The same issue presents itself in LSAT instruction, whether the teacher is a 400-page “study bible” or a 2L looking for beer money. At every level, the teacher must assure their students of the same thing: that their method works, that their method works in all cases, and that it works the best. Thus, the teacher’s reasonable need to reassure the student/client that their money and time are being spent on a worthwhile endeavor combined with the student’s stress over acing the exam mutates into a dogmatic and superstitious approach to learning.

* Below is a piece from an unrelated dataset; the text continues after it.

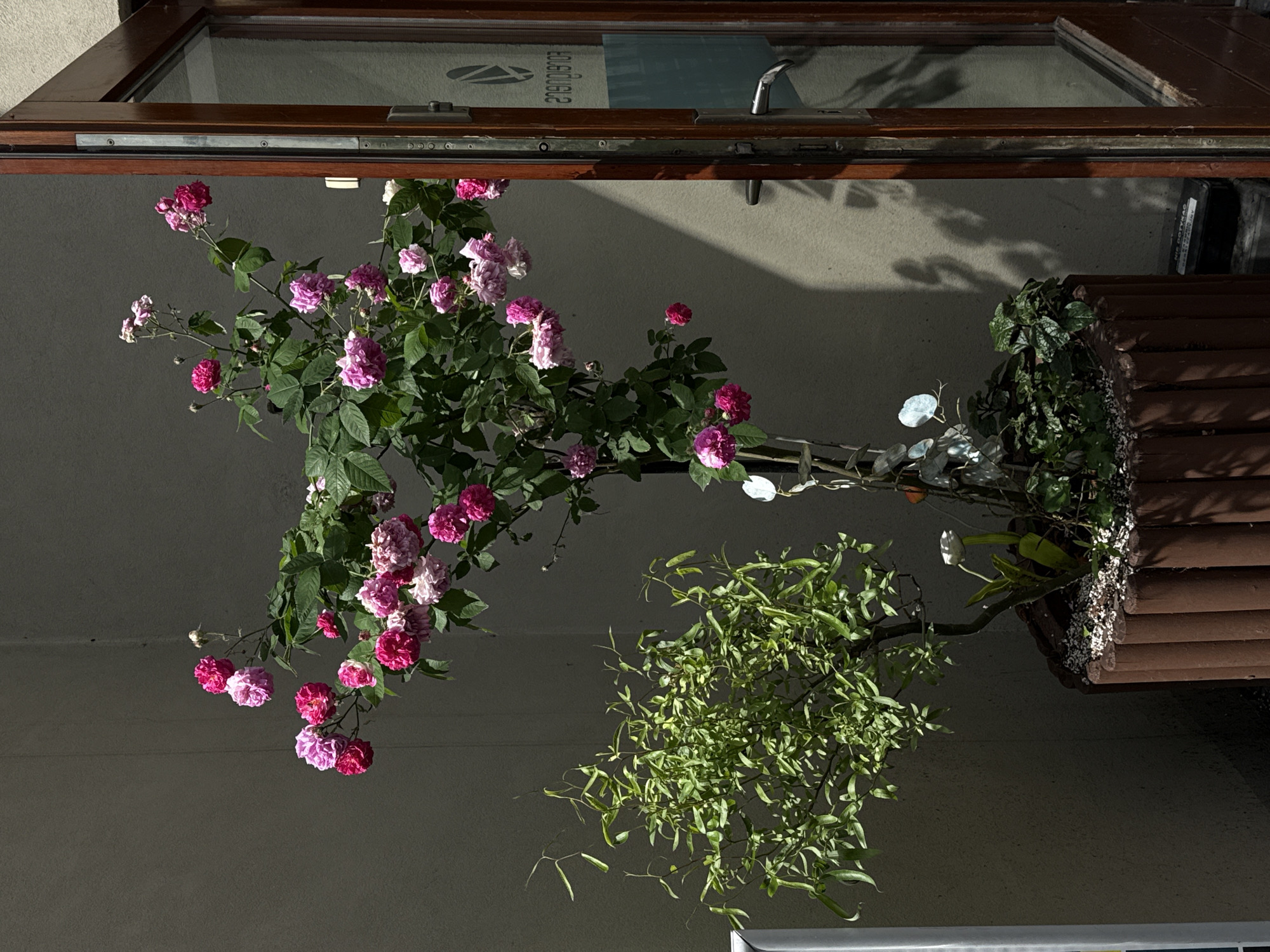 A potted rose bush with numerous pink and fuchsia blooms is positioned outside a building with a wooden-framed glass door and window. To the left of the rose bush is a smaller potted plant with delicate green foliage. The building's facade is a neutral-toned wall that casts shadows from nearby foliage. The scene appears to be outdoors, under natural daylight. The presence of Polish text on a small sign near the bottom right of the image, reading "NIE DOTYKAĆ" ("Do not touch"), and the architectural style suggest an urban environment. Based on the context provided, the location is the city of Łódź, Poland.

A few examples of this kind of dogmatic thinking in action, from my own test prep journey:
“I don’t know, can you move onto the questions? You’ve only completed part of your Deduction Grid (TM)”, says the teacher from Company X;
“I’ve seen [Company X]’s method do a lot of damage”, gravely intones the teacher from Company Y;
“This is my third time taking a class with [Company Y] - I’m sure it will stick this time”, a fellow student cheerfully self-deludes.
Now, I don’t dispute that most LSAT instruction “works”. The main areas of knowledge that the test actually…um, tests are often so neglected in modern education that even a crash-course style education in them from a weekend course or a short chapter in a guide book can go a long way toward boosting the score of the novice test-taker. On the flip side, other areas of the test’s design are arbitrary enough that understanding the ways in which the testmakers reveal themselves (which many books and tutors emphasize well) can bring those final score gains to a more advanced test-taker.
However, I wholeheartedly dispute that any single LSAT “ideology” necessarily works for every test-taker, or is definitively the “best” for all test-takers. Whether by chance or by the magical prowess of the placement office at my tutoring company, I’ve had the chance to work with many students who have been failed in part or in whole by dogmatic mainstream LSAT instruction. Often, these are incredibly sharp students from nontraditional backgrounds who have trouble adhering to a strict system or schedule of study, or students who have naturally keen logical minds but have trouble approaching a question from the angle that a student who’s been immersed in formal logic would take. In a few cases, I have had students who become so wrapped up in the anxiety of following a rigorous study method (and, of course, the anxiety of #winning on the test) that they question their own highly-functioning logical minds and excellent work, because that work draws upon their external knowledge instead of the dictates of whatever system they’re working on - students who, to borrow an old phrase, “eat the menu instead of the dinner”.
As I have taught these students (and thus invited myself to reflect on how to best teach), I realized the need for a new kind of test-prep writing, one that can be both a complement and alternative to the prescriptive methods now commonly in use. I see this site as a guide for the test-taker through the abstract skills that the test invokes (often, contradictory pairs like detachment and empathy, or understanding of logic and understanding of narrative), moving upward the meta-testual realm (why these skills? why these questions?), and ultimately inward, so that the student can understand how their own knowledge already relates to the test and how the prescriptive knowledge in other books represents deeper insight into the kinds of thinking that law school purports to teach.
A common palliative thought for aspiring lawyers is that the absolute toughest parts of the journey are the LSAT, your 1L exams, and passing the Bar exam. Many books embrace the LSAT’s reputation as this colonoscopy of a legal education - long and unpleasant, but you’ll get through it. My goal is to make it clear that, even when you’re in the shit, something interesting is going on. I hope this site helps.